# 2012 VW Touareg Information............



## jpsjr (May 8, 2002)

so I understand that the 2012 Touareg will continue on with no updates other than:

LED Taillights on Hybird Only
Sport Model Changes
Colors same as 2011
Executive Model continues but still on delayed mode.

Got info from VW Representative for the North East Area.

Joe


----------



## Rome425 (Aug 27, 2003)

jpsjr said:


> so I understand that the 2012 Touareg will continue on with no updates other than:
> 
> LED Taillights on Hybird Only
> Sport Model Changes
> ...


Does anyone have picture of LED Taillights (other then that Gold Edition Touareg)?


----------



## vw/audi.guy (May 26, 2011)

jpsjr said:


> so I understand that the 2012 Touareg will continue on with no updates other than:
> 
> LED Taillights on Hybird Only
> *Sport Model Changes*
> ...



Do you know the changes for the sport model?


----------



## flieger (Jun 28, 2000)

Having just purchased a new 2012 TDI Sport yesterday I can tell you the biggest update to them is that you can now have the RNS-850 NAV. Also, NO Touareg will be coming with the backup camera, they will all have the parking sensors across the entire model line due to the disaster in Japan and a world-wide shortage of cameras.


----------



## hhaller (Jun 14, 2011)

flieger said:


> Having just purchased a new 2012 TDI Sport yesterday I can tell you the biggest update to them is that you can now have the RNS-850 NAV. Also, NO Touareg will be coming with the backup camera, they will all have the parking sensors across the entire model line due to the disaster in Japan and a world-wide shortage of cameras.
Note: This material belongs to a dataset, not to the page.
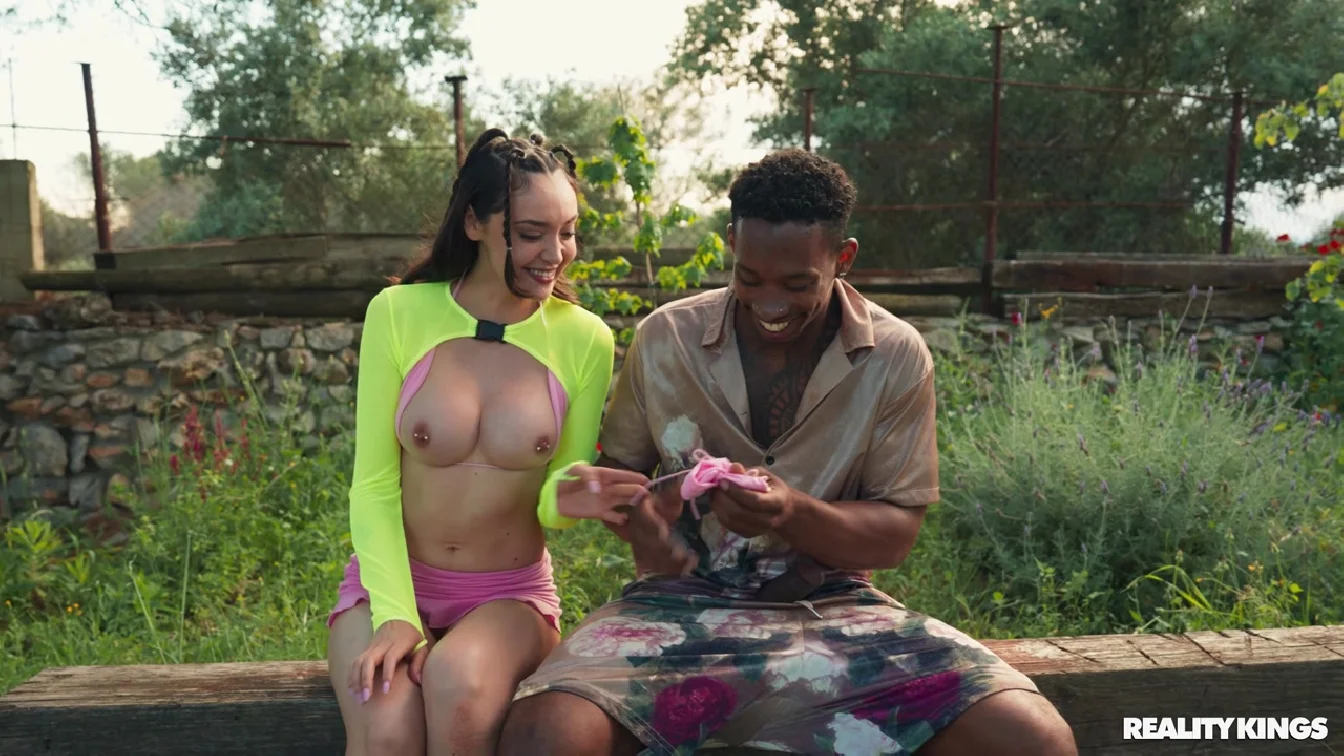 Preview of RKPrime Catherine Knight Fucking Before The Festival XXX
I thought that the new Sport packages were not coming equipped with navigation anymore? Anyone know what the new MSRP's are for the 2012 Sport models?


----------



## AutoUnion32 (Oct 4, 2008)

flieger said:


> Having just purchased a new 2012 TDI Sport yesterday I can tell you the biggest update to them is that you can now have the RNS-850 NAV. Also, NO Touareg will be coming with the backup camera, they will all have the parking sensors across the entire model line due to the disaster in Japan and a world-wide shortage of cameras.


RNS850 was always standard on every Touareg for MY11. 
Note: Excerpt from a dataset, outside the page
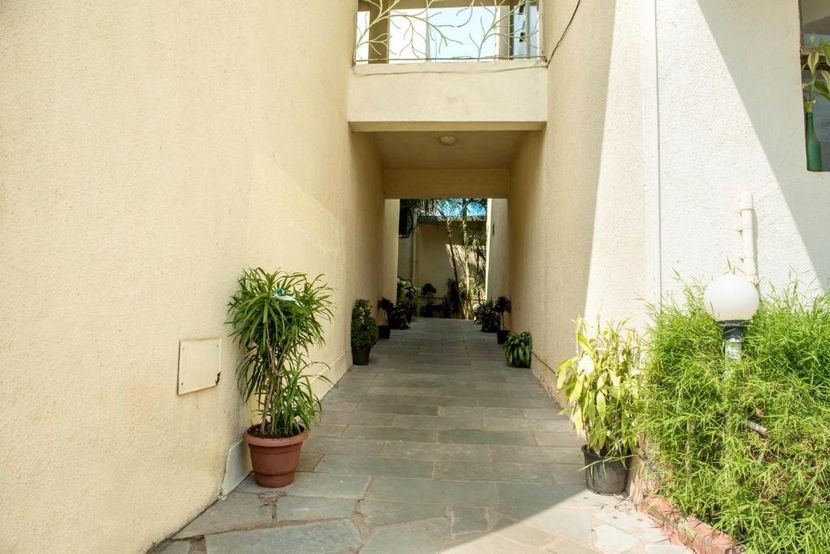 SHARANAM GREEN RESORT - 2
The change that was made was there is now a cheaper trim level without NAV/Xenons, etc.


----------



## jasonmallory (Feb 12, 2011)

flieger said:


> Having just purchased a new 2012 TDI Sport yesterday I can tell you the biggest update to them is that you can now have the RNS-850 NAV. Also, NO Touareg will be coming with the backup camera, they will all have the parking sensors across the entire model line due to the disaster in Japan and a world-wide shortage of cameras.


The RNS-850 is not new for the 2012 line. This was introduced as a standard option in all of the 2011's. It will be optional or part of a package for the 2012 line. However, the RNS-850 is sweet! I love having it! The 3-D mode in larger cities is really cool!


----------



## david5182 (Aug 11, 2010)

The fact that the back-up cameras will not be available on 2012 Tregs really sucks! Looks like I am going to have to wait for 2013 Tregs.


----------



## hhaller (Jun 14, 2011)

flieger said:


> Having just purchased a new 2012 TDI Sport yesterday I can tell you the biggest update to them is that you can now have the RNS-850 NAV. Also, NO Touareg will be coming with the backup camera, they will all have the parking sensors across the entire model line due to the disaster in Japan and a world-wide shortage of cameras.
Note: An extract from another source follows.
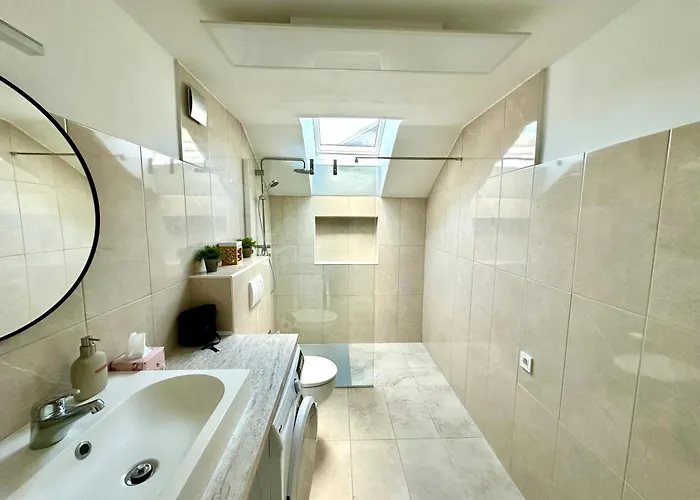 Sunny 3-room With A Terrace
Does your 2012 still have the Xenons? I thought the only major omission would be nav/backup camera.


----------



## hhaller (Jun 14, 2011)

Does anyone have any pics of what the cornsilk beige interior on the Sport package looks like? Can't really get a good sense of it by looking on VW.com.


----------



## Trey1 (Feb 19, 2011)

I hate parking sensors; they're nothing but an annoyance. Well designed camera systems, on the other hand, are worth having in larger vehicles. I was planning on picking up a '12 TDI this fall, but the camera issue may send me elsewhere.


----------



## 2VWatatime (Aug 4, 2006)

Trey1 said:


> I hate parking sensors; they're nothing but an annoyance. Well designed camera systems, on the other hand, are worth having in larger vehicles. I was planning on picking up a '12 TDI this fall, _but the camera issue may send me elsewhere_.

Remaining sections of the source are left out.